▶ Given data
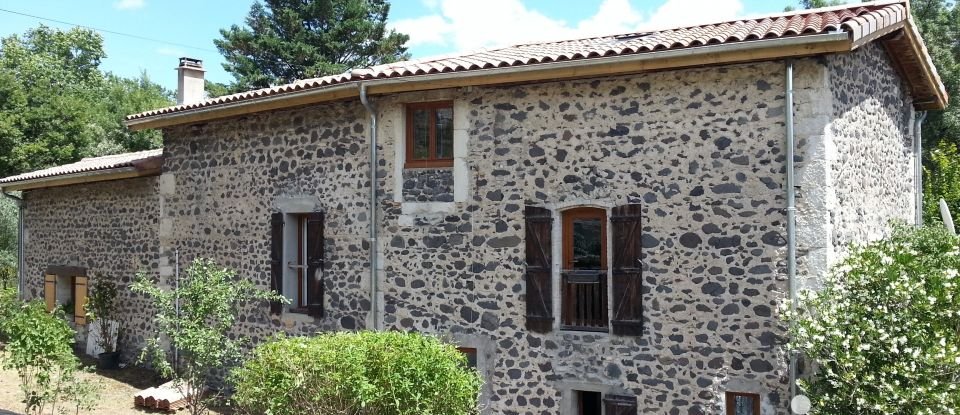 Maison de campagne 8 pièces de 236 m² à Lussas (07170)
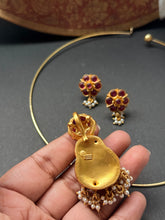 Load image into Gallery viewer, Vintage nagru pendant with earrings
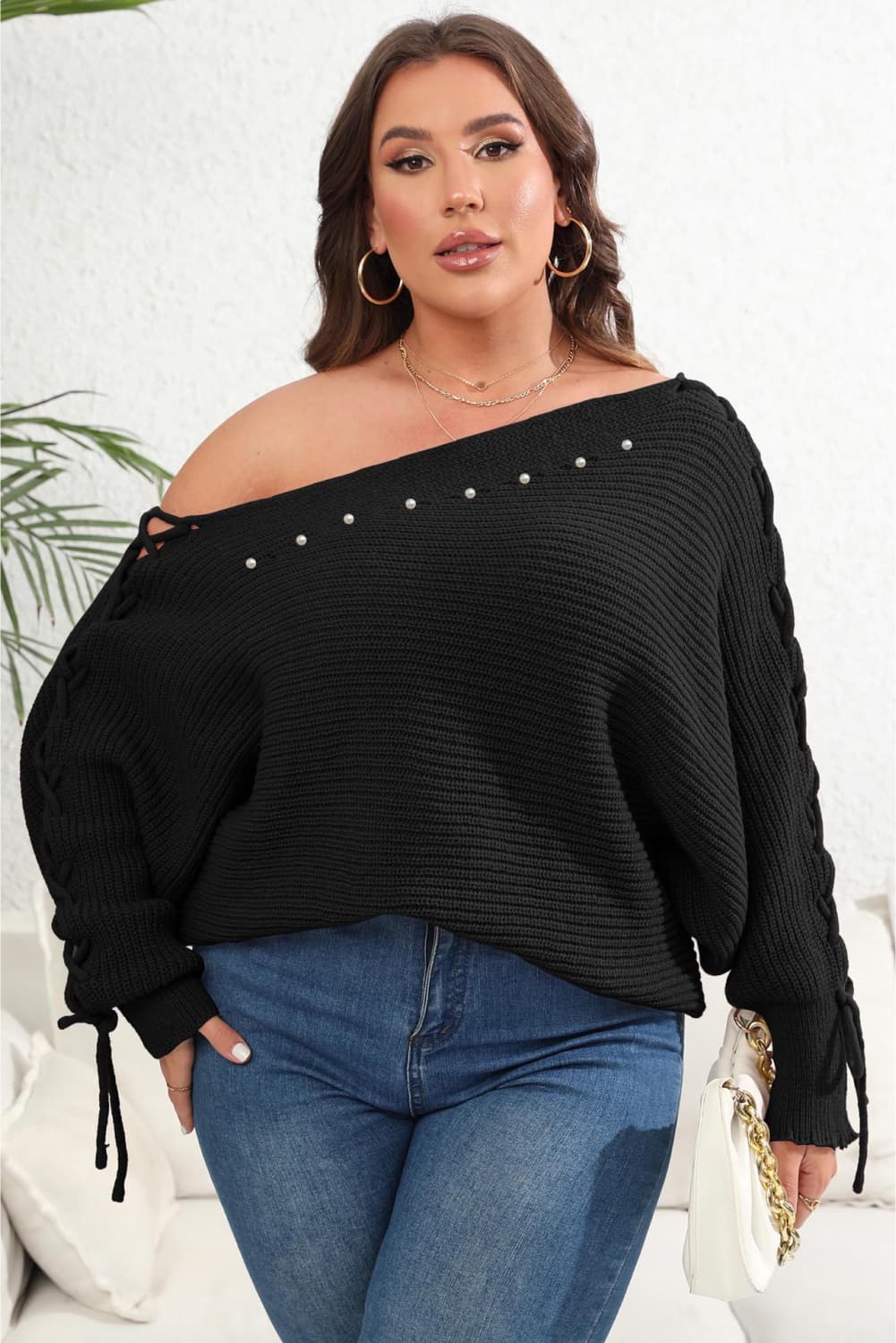 ONE SHOULDER BEADED SWEATER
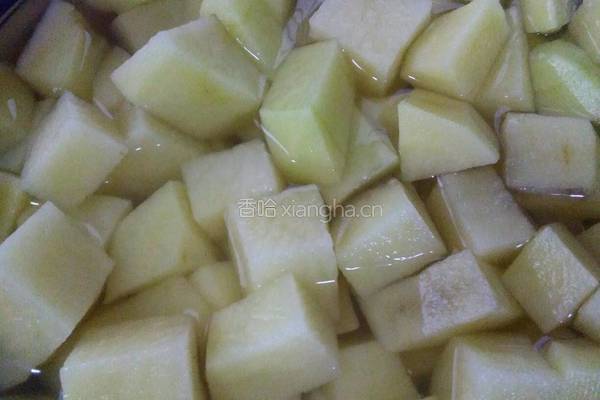 香辣土豆块的做法图解1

▶ Activity
The whole listing above is to be printed again exactly; pictures stay out of it.

▶ Solution for this exercise
 Maison de campagne 8 pièces de 236 m² à Lussas (07170)
 Load image into Gallery viewer, Vintage nagru pendant with earrings
 ONE SHOULDER BEADED SWEATER
 香辣土豆块的做法图解1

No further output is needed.